Dolmabahçe Müzesi’ndeki 92kg’lık altın vazolar, Zeugma müzesinde 9 milyon dolar değerindeki 10 eser, MSÜ Müzesi’nde 404 eser, Resim ve Heykel Müzesi'nde toplam 250 milyon dolar değerinde 302 tablo ve Batman Müzesi'nde 20 altın sikke kayıp. Belki daha fazlası kayıptır, bunlar benim denk geldiklerim.
Kamu düzeni bahane edilerek, Eskişehir’de 10-24 Mayıs arasındaki festivaller yasaklandı. Festival Valilik izniyle 9-12 Haziran tarihlerine ertelendi. Yasağın gerekçesi olarak da, "huzur ortamı ile kamu düzeni ve kamu güvenliğinin sağlanması, suç işlenmesinin önlenmesi, başkalarının hak ve özgürlüklerinin, genel asayişin korunması ile şiddet olaylarının yaygınlaşmasının önlenmesi" gösterildi.
Yargıtay, CHP İstanbul İl Başkanı Canan Kaftancıoğlu'nun 4 yıl 11 ay 20 günlük hapis cezasını onadı. Canan Kaftancıoğlu'na siyasi yasak getirildi.
Ekrem İmamoğlu hakkında YSK üyelerine hakaret iddiasıyla açılan davada, 1 Haziran’da karar duruşması görülecek. Son duruşmada savcı, İmamoğlu’na ceza verilmesini talep etmişti. Talepler arasında siyasi yasak da mevcut.

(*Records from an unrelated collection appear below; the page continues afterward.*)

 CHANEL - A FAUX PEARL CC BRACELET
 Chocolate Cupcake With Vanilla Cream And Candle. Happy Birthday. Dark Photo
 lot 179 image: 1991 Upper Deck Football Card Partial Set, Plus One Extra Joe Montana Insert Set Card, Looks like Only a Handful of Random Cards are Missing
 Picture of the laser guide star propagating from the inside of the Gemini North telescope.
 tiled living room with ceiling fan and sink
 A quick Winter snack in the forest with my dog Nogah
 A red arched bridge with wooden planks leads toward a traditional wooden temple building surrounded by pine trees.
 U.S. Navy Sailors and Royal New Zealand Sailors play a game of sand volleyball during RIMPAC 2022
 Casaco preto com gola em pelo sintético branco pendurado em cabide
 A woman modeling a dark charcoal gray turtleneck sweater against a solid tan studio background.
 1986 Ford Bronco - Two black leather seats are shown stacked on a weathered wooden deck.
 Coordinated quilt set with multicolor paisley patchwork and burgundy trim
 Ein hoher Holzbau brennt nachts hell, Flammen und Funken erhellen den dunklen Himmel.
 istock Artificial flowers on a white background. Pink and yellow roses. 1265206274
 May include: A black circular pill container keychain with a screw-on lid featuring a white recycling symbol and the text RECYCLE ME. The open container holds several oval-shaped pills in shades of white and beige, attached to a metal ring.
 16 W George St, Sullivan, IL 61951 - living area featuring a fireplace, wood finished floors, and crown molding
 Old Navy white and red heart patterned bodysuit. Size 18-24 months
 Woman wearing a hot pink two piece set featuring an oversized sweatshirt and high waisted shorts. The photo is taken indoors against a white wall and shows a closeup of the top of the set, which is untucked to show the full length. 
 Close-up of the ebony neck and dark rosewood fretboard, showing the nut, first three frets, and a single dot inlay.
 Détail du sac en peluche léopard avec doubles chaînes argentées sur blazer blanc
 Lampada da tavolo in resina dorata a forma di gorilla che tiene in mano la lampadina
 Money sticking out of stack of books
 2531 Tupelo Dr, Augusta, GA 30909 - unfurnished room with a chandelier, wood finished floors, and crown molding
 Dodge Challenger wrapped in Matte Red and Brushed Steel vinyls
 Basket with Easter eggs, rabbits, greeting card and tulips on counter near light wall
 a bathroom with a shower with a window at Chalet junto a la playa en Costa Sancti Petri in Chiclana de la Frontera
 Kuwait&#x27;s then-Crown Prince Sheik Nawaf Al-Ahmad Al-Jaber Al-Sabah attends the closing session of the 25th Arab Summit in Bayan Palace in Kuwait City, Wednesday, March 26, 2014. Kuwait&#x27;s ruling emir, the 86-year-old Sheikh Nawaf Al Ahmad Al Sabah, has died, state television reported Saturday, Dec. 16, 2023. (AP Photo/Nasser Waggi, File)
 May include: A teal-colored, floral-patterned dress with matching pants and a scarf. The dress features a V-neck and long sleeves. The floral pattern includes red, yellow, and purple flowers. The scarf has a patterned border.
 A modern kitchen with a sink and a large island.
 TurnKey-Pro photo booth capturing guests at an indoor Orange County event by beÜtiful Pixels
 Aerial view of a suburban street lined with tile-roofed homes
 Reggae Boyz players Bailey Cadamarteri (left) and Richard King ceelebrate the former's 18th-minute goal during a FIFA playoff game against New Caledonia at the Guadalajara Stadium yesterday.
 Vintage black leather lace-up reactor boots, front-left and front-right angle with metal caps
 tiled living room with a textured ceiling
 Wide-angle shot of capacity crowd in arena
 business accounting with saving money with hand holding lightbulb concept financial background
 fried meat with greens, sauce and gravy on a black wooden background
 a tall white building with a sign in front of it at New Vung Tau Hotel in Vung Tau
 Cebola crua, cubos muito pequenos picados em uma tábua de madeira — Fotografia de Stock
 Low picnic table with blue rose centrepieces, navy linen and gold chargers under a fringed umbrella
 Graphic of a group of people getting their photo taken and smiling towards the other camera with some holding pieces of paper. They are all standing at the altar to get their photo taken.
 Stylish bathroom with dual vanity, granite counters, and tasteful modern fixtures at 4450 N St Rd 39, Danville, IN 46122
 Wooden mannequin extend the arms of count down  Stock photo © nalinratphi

Bu hafta Nagehan Alçı’nın içinde bulunduğu kare ve sonraki açıklamaları yüzünden Ekrem İmamoğlu’na sert eleştirilerde bulunuldu. Eleştirmekte haklı mıydık? Kesinlikle. Ancak hızlıca linç formatına geçen, ses tonunu yükselten, iptal kültürüne yaklaşan yorumlardan uzak durmak zorundayız. Son zamanlarda kendini yüce muhalif ilan eden Nagehan Alçı, bugün Mansur Yavaş’a çıkıştı. Geçen hafta Ekrem İmamoğlu krizi çıkardıktan sonra, bugün Mansur Yavaş’a yüklenmesinin tesadüf olduğunu düşünmüyorum.
Özgün Emre Koç’un bir yayındaki betimlemesini anmak isterim. Demişti ki; "Biz oyuncu seçmeye, hakem kim olacak onu tahmin etmeye çalışırken; karşı takım saha çizgilerinin yerini değiştiriyor, topun içine taş koyuyor. Her türlü senaryoyu düşünmek zorundayız artık."
Katılıyorum. Mesela "250 bin dolarlık yatırım ile vatandaşlık satın alanlar seçimde oy kullanmaya gelmez" diyoruz; düşünmemiz gereken asıl kısım, onların adına oy kullanılıp kullanılamayacağı.
Safları sıklaştıralım, tüm kavgaları iktidar değiştikten sonrasına bırakalım. Geldiğimiz noktada; yaşadığımız ülkeyi, kendimizi, gençlerimizi, çocuklarımızı, doğamızı, tarihi eserlerimizi, kültürümüzü, sanat eserlerimizi, hayvanlarımızı, sınırlarımızı, özgürlüğümüzü, hukukumuzu, yaşam alanımızı aynı anda korumak zorundayız; hem de asıl koruması gereken devlete karşı.